__Assigned task__
Only the lines below starting at the one that contains "RAINBOW MEALWORMS 102" and ending at the one that contains "Oczka wodne ułatwiają" are to be reproduced, exactly and with both ends kept.

__Records provided__
────

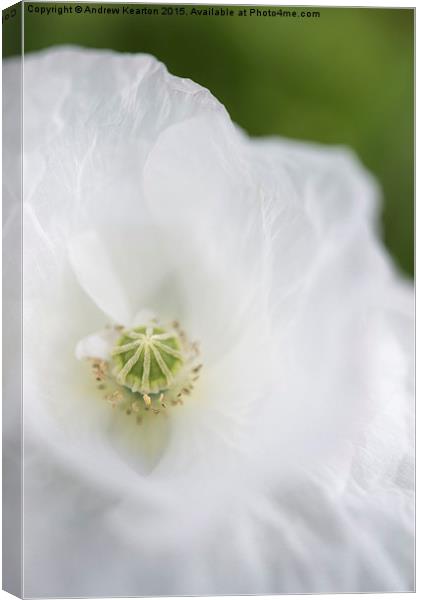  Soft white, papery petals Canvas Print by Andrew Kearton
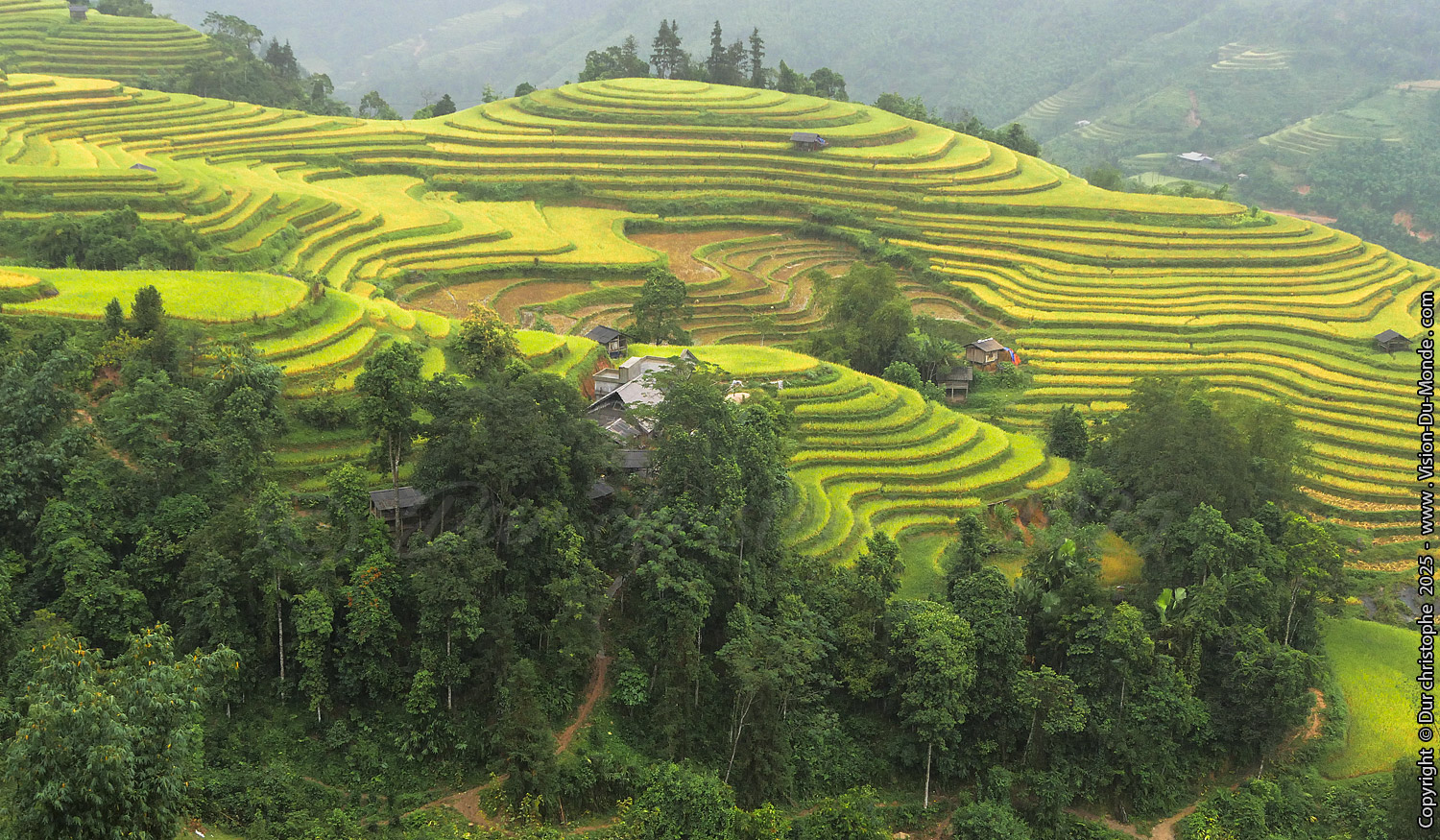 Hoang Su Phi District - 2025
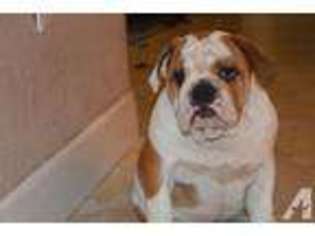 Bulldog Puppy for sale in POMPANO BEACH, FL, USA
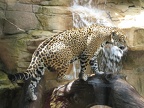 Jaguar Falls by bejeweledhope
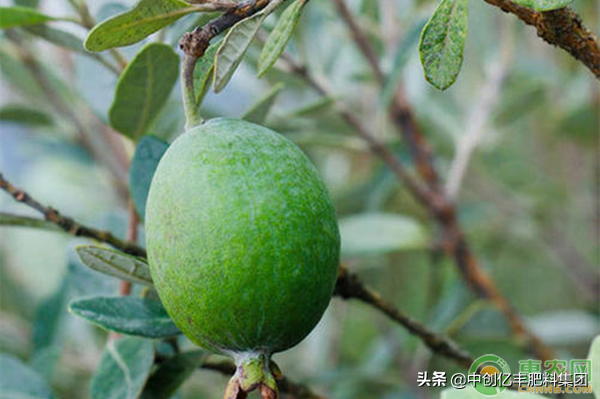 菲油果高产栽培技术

────

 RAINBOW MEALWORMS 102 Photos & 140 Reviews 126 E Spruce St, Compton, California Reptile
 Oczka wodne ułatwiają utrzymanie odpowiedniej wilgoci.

────

__The completed task__
 RAINBOW MEALWORMS 102 Photos & 140 Reviews 126 E Spruce St, Compton, California Reptile
 Oczka wodne ułatwiają utrzymanie odpowiedniej wilgoci.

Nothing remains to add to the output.